Amanda memarkirkan sedan putihnya di depan sebuah kafe dan melangkah terburu-buru memasukinya.
Ia melihat Ivan melambaikan tangan padanya dari meja di sudut ruangan. Ia pun bergegas menghampirinya.
Ia buka kacamata hitamnya dan meletakannya di atas meja bersama tas tangannya. Lalu menempatkan diri di kursi yang tepat berhadapan dengan Ivan.
“Maaf telat, tadi ada fitting baju pengantin langganan aku,” ucapnya dengan napas yang tak beraturan.
“Gak apa, aku baru nunggu sekitar satu jam kok,” sahut Ivan melirik jam tangannya sekilas.
“Ada apa kamu mau ketemu aku disini?” Amanda melengos sebal disindir begitu oleh Ivan.
“Ada berita bagus,” jawab Ivan setelah menyeruput kopi latte-nya.
“Berita bagus apa?” tanya Amanda lagi semakin penasaran.
Ivan melirik nakal menuju belahan dada Amanda yang terbuka lebar. Amanda yang menyadari arah bola mata Ivan pun spontan menutup dada dengan tas tangannya. Pria Itu hanya tersenyum penuh makna melihat tingkah Amanda.
“Cepat bicara! Kamu jangan buang-buang waktu aku, Van.” Amanda tampak mulai kesal.
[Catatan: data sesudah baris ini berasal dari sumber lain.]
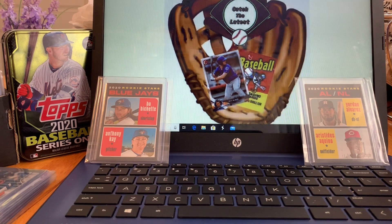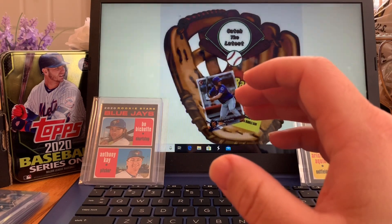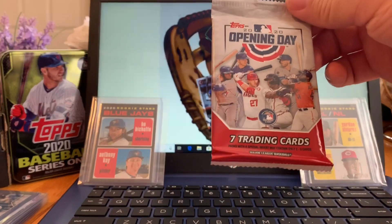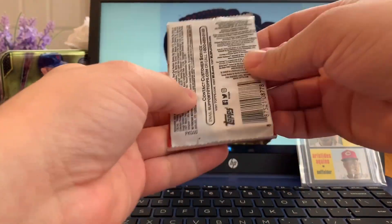What's up guys, this is Johnny from Catch the Latest, and for today's video we're gonna be looking at a few cards that I received from eBay that I purchased a few months back and these cards are for my personal collection.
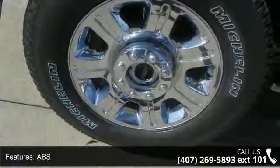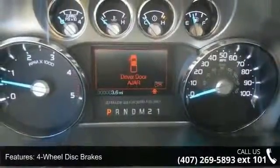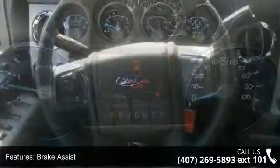This vehicle shows low mileage and has a smooth ride. Let us put you in the driver's seat today. Call or click to contact our dealership.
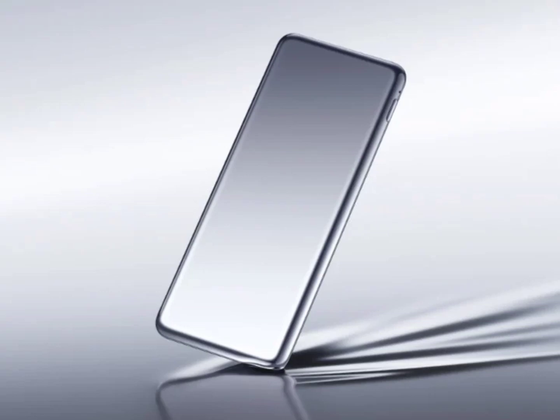Xiaomi Ultra-Thin Power Bank 5000mAh is the name of the company's latest battery pack. It is priced at 129 yuan, approximately $1.20, and is already up for sale.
“Ini tentang Ferdian,” jawab Ivan cepat.
Mendengar nama pria Itu disebut, Amanda terbelalak lebar. Tentu saja Semua yang berhubungan dengan Ferdian adalah berita bagus untuknya. Kemudian ia menggeser kursinya untuk lebih mendekat pada Ivan.
“Ada berita apa tentang Ferdian?” tanya Amanda begitu antusias.
“Eeee tapi ... ada upahnya, dong.” Ivan menggodanya nakal. Wanita Itu pun melotot geram padanya.
“Upah apa? Jangan main-main kamu, Van. Cepat bilang, ada apa dengan Ferdian?”
Ivan malah tersenyum genit padanya. Lalu menyentuh lembut punggung tangan Amanda dan menggelitiknya pelan.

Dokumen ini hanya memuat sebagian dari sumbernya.